1. Create an Active directory setup 
2. Install RHS-2.1-20130805.n.1 ISO
3. Join the rhs node to the Active directory domain
4. Mount the samba volume as fuse mount with "-o acl" option
   e.g: mount -t glusterfs -o acl 10.70.35.174:/gfs-vol1 /mnt/samba/gfs-vol1/
5. create a directory in the mount point. e.g: mkdir /mnt/samba/gfs-vol1/rhsdata01
6. run chgrp command for the directory
e.g.: chgrp "RHSQE-DC+domain users" /mnt/samba/gfs-vol1/rhsdata01

Note: We are doing step #4 because the shared directory should belong to  "RHSQE-DC+domain users" and with glusterfs vfs plug-in samba does not automatically mount the volume on RHS nodes.

During our testing the join domain works fine for the RHS node.
root@BigBend-1 gfs-vol1]# net join -S rhsqe-dc1 -U administrator
Enter administrator's password:

Using short domain name -- RHSQE-DC
Joined 'BIGBEND-1' to dns domain 'rhsqe-dc.com'
No DNS domain configured for bigbend-1. Unable to perform DNS Update.
DNS update failed!

[root@BigBend-1 gfs-vol1]# net ads testjoin
Join is OK

The "wbinfo --domain-groups" i.e. winbind command to give groups information,correctly lists "domain users"

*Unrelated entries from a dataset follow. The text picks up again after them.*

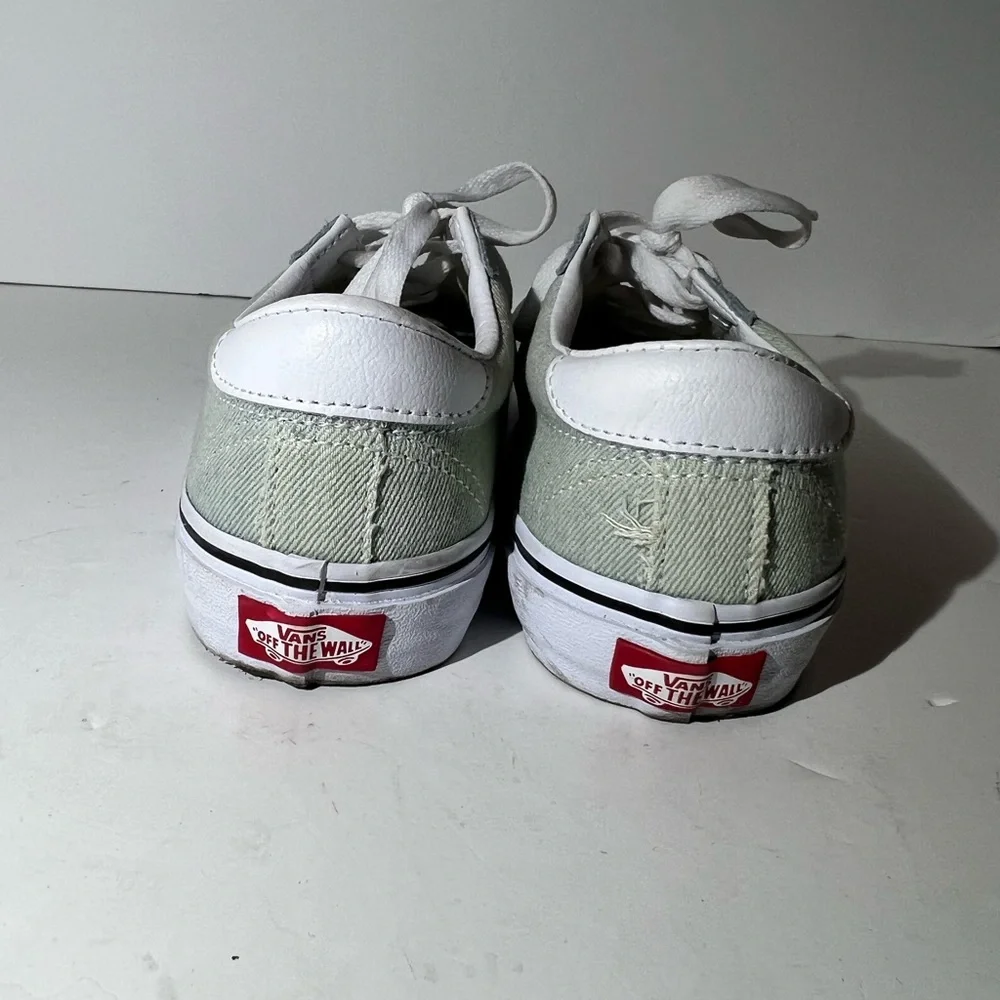 Van sport‎ denim low mens size 6
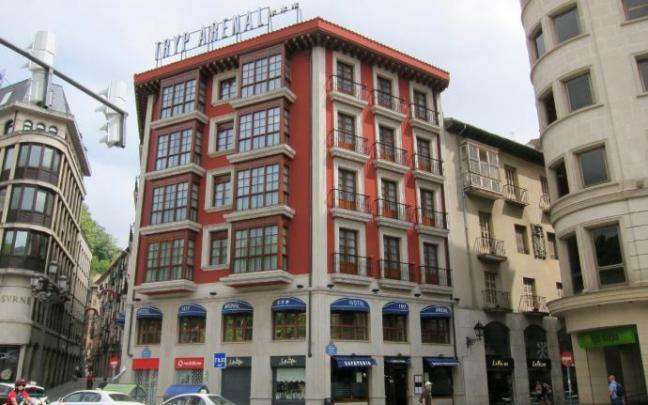 los hoteles de Bizkaia acusan la bajada del turismo los hoteles de Bizkaia acusan la bajada del turismo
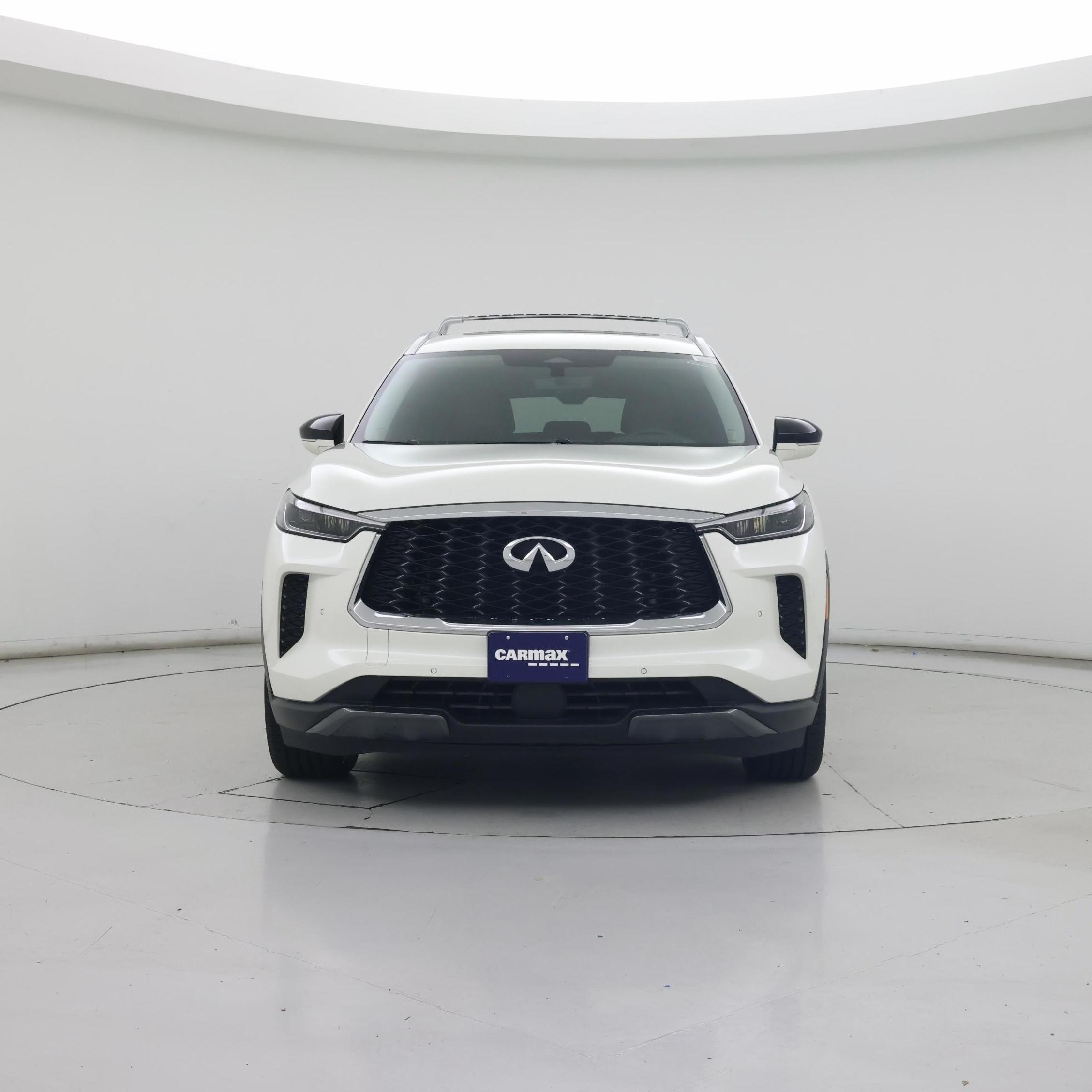 Thumbnail: 2023 INFINITI QX60 - 5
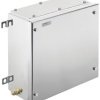 Weidmüller KTB FS 303015 S4E4 Szafka ścienna 306 x 306 x 150 stal nierdzewna srebrny 1 szt.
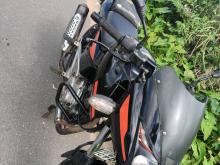 Bajaj Pulsar 2014 Motorbike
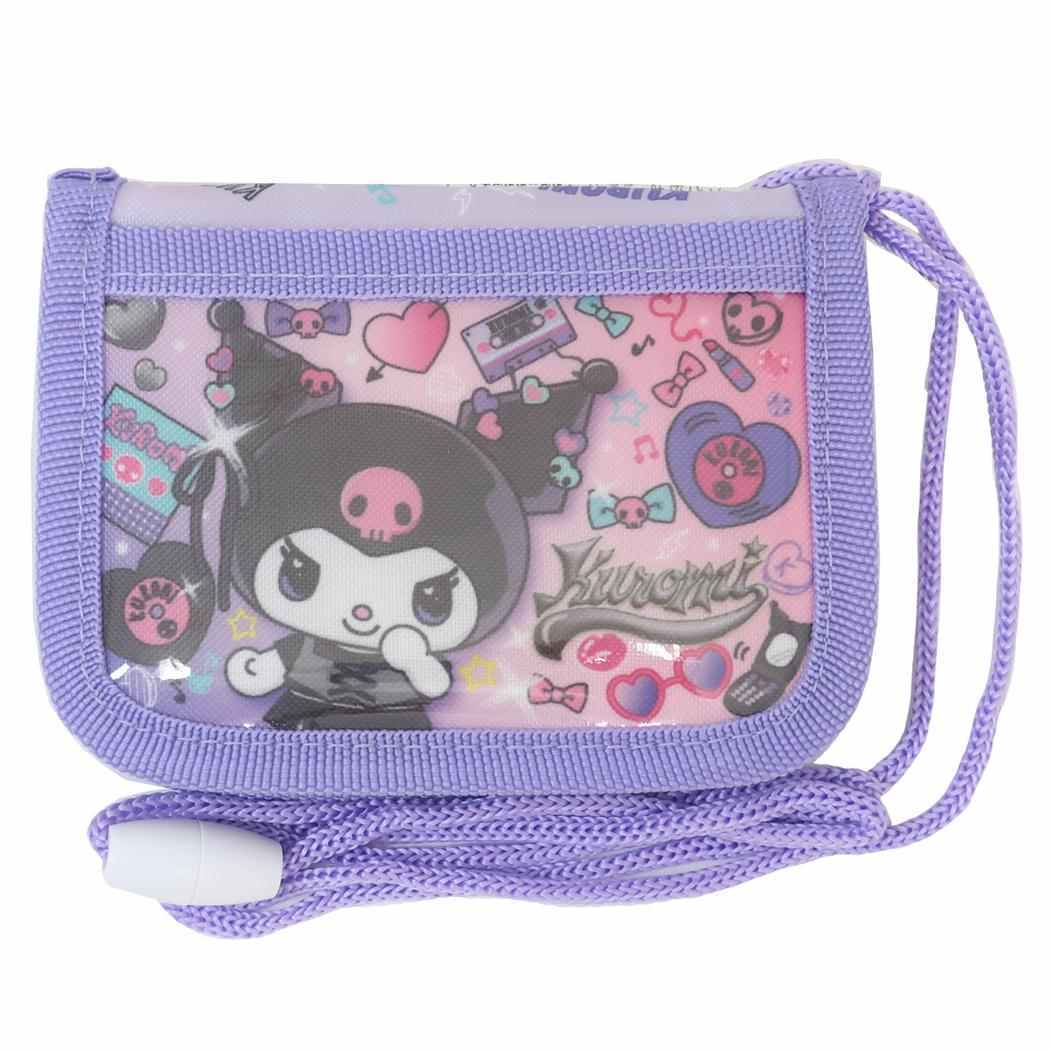 クロミ 子供用財布 キッズウォレット サンリオ アイプランニング 子ども こども プレゼント キャラクター グッズ拍卖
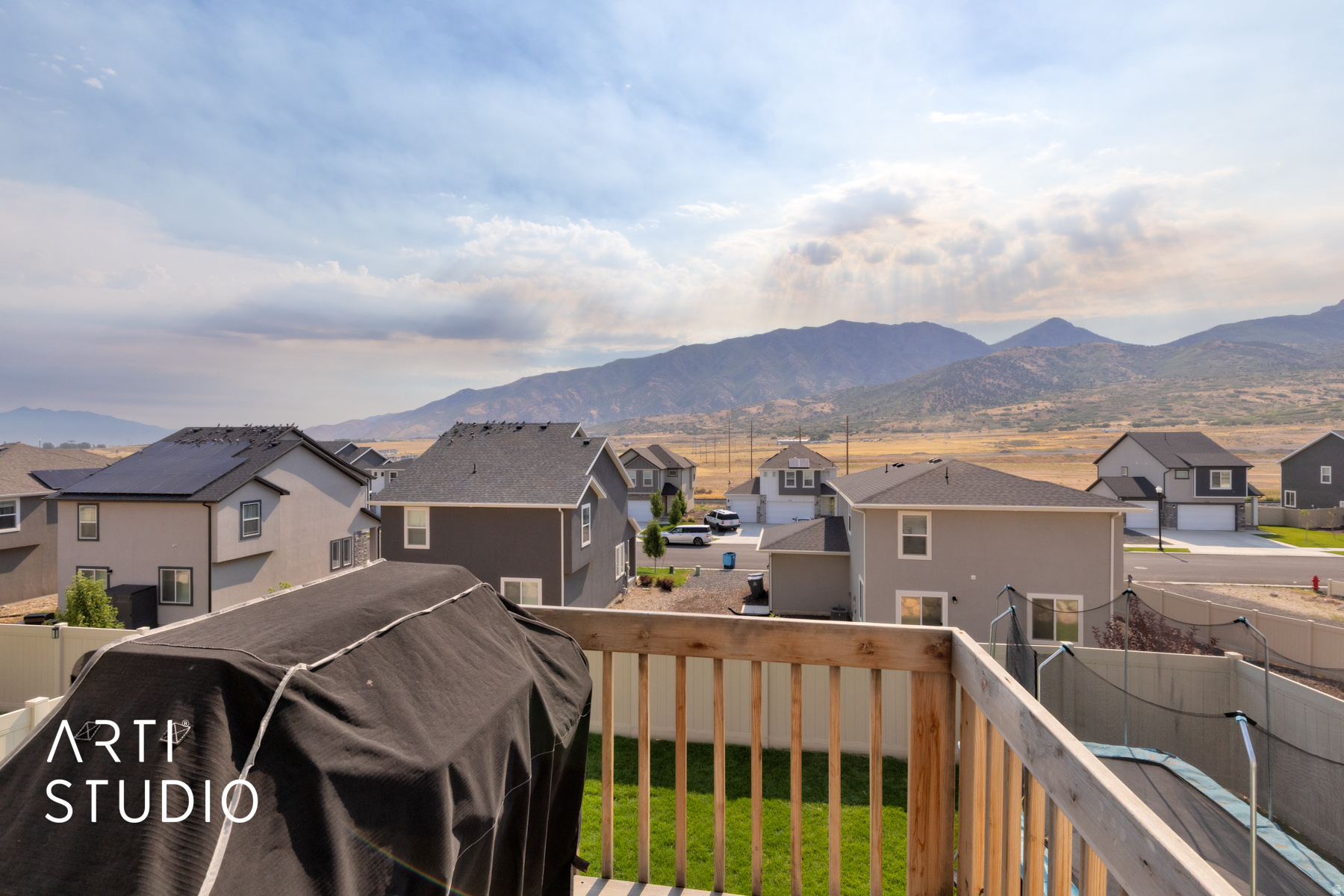 RIDGE - Residential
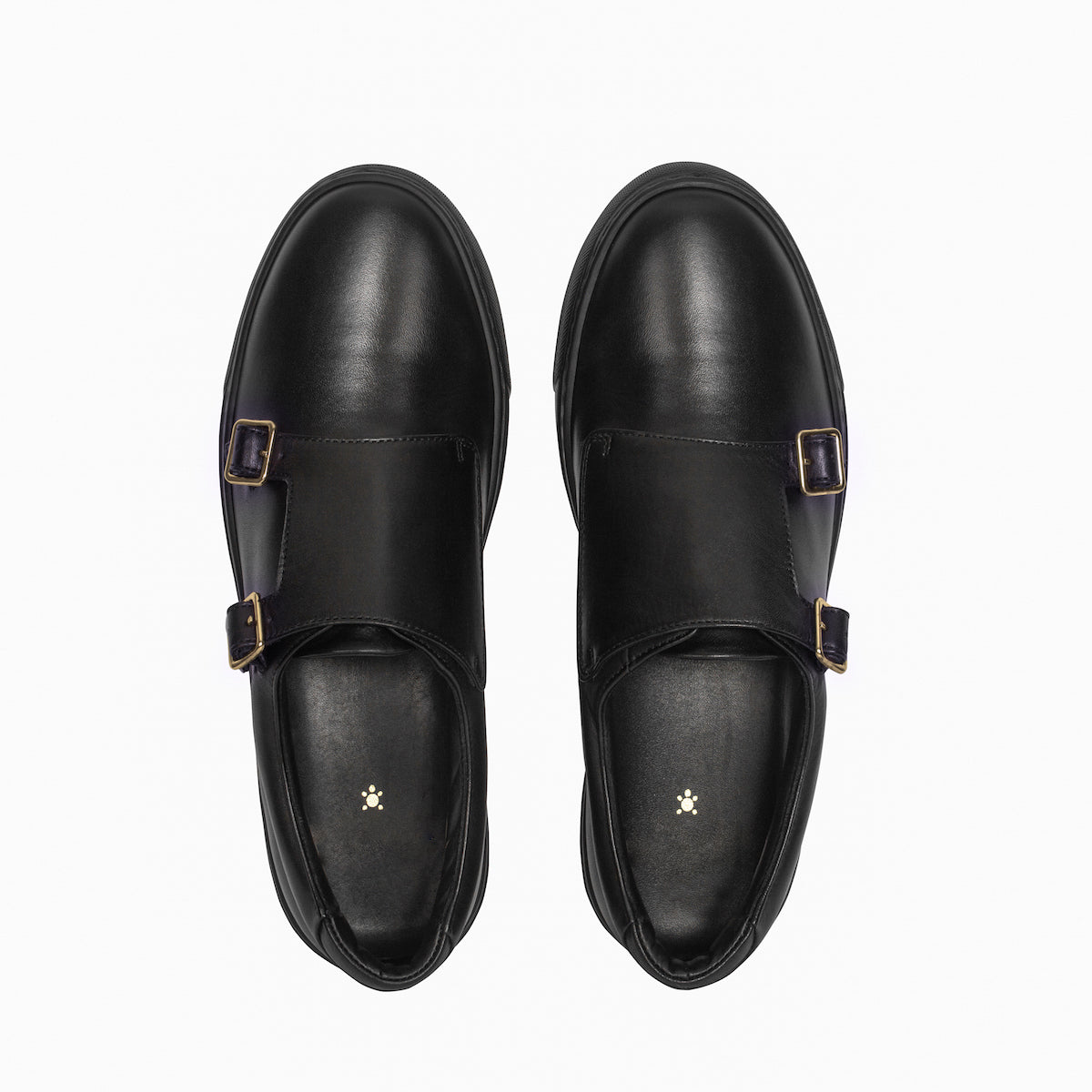 Women's Tosca - Black (Slip-on) - JUSTLUXURY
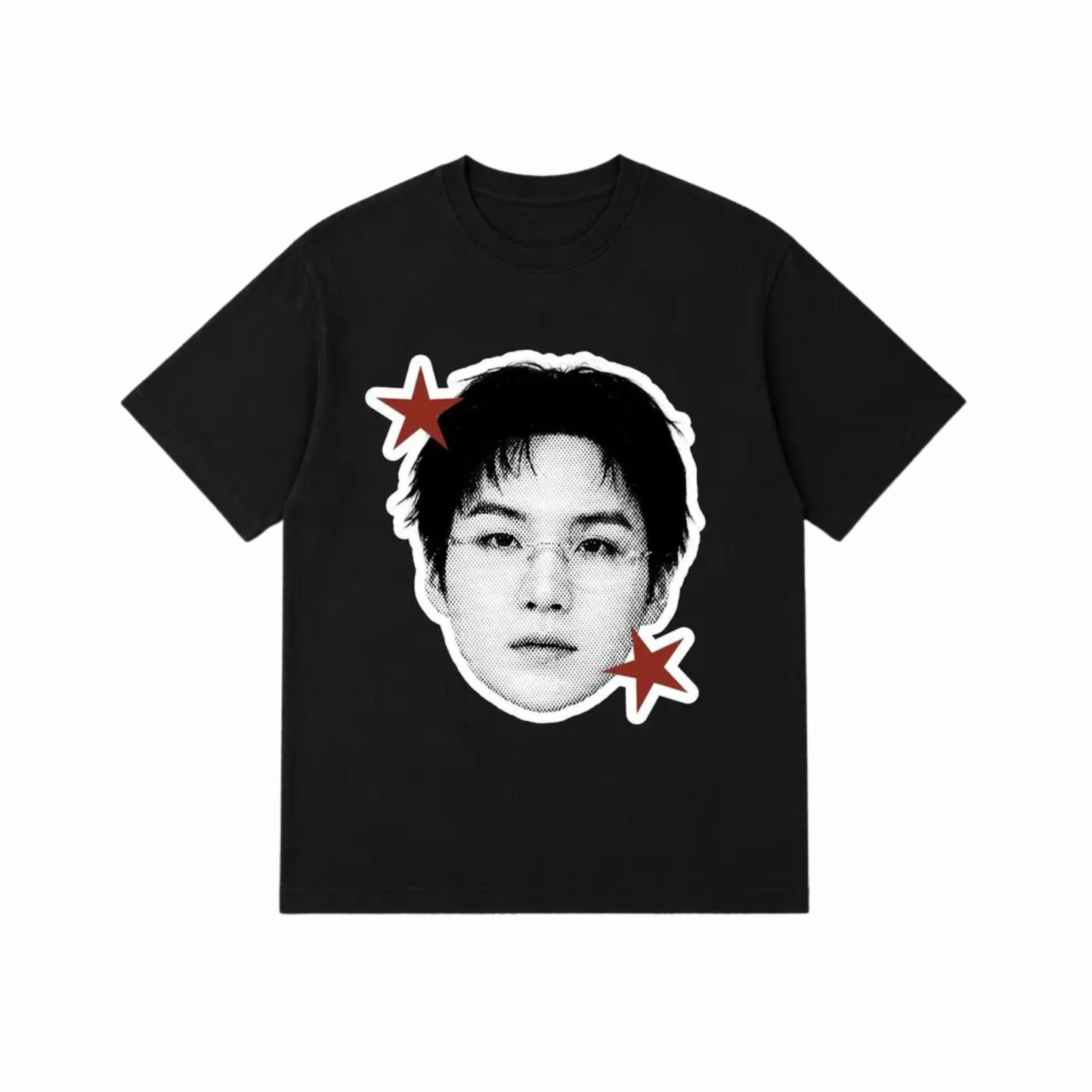 Arirang K-Pop Inspired Graphic Tee - Korean Culture Music Fan Top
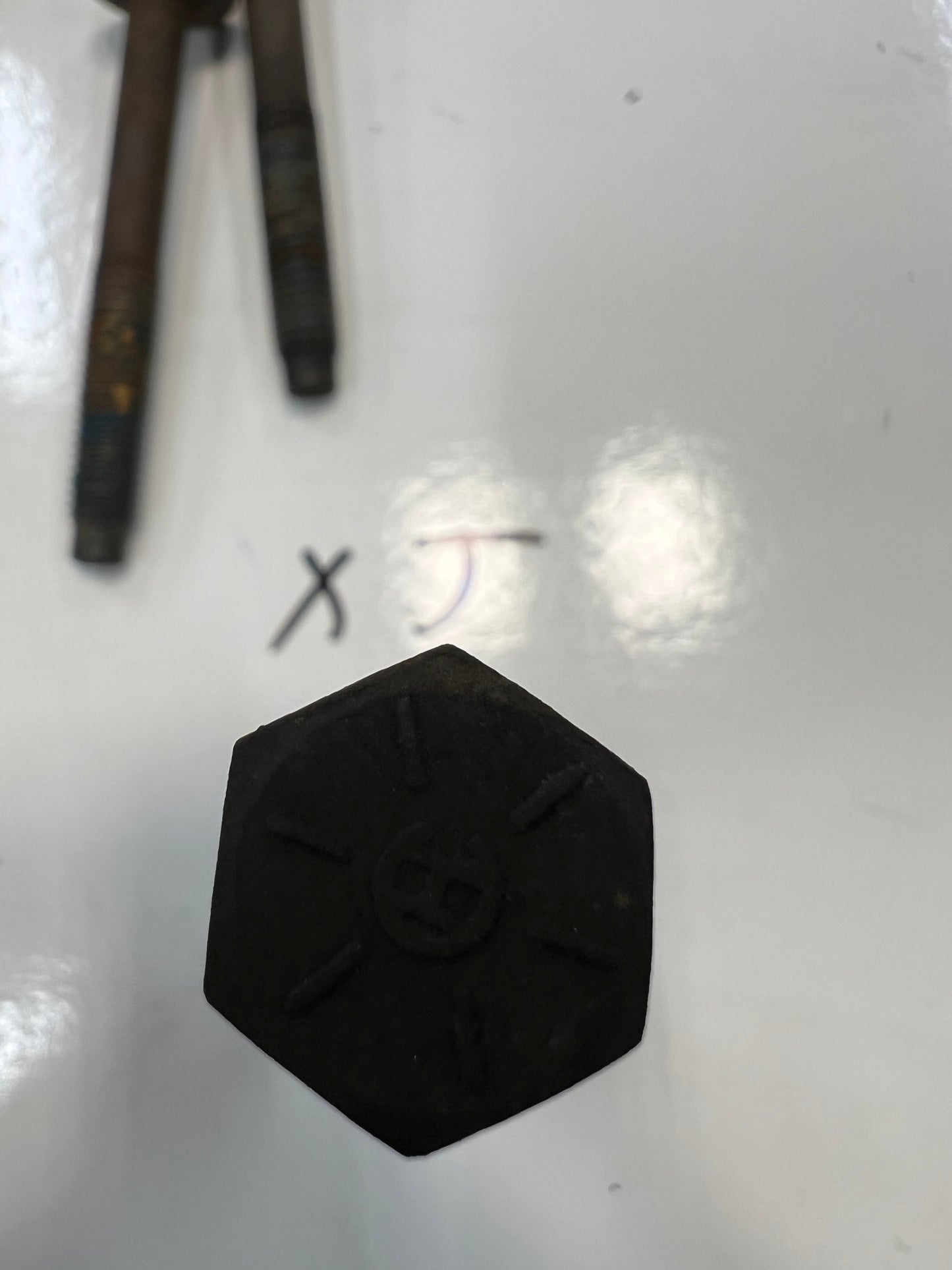 ZJ Steering Box Bolts - *XJ Upgrade Bolts*   1993-1998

[root@BigBend-1 gfs-vol1]# wbinfo --domain-groups
winrmremotewmiusers__
domain computers
domain controllers
schema admins
enterprise admins
cert publishers
domain admins
domain users
domain guests
group policy creator owners
ras and ias servers
allowed rodc password replication group
denied rodc password replication group
read-only domain controllers
enterprise read-only domain controllers
cloneable domain controllers
dnsadmins
dnsupdateproxy
hobbits

[root@BigBend-1 gfs-vol1]# gluster v info
 
Volume Name: gfs-vol1
Type: Distribute
Volume ID: 2f032a2d-b970-49fd-a8b0-30c0e9a3952d
Status: Started
Number of Bricks: 2
Transport-type: tcp
Bricks:
Brick1: 10.70.35.174:/bricks/gfs-vol1-b1
Brick2: 10.70.35.174:/bricks/gfs-vol1-b2


10.70.35.174:/gfs-vol1 on /mnt/samba/gfs-vol1 type fuse.glusterfs (rw,allow_other,max_read=131072)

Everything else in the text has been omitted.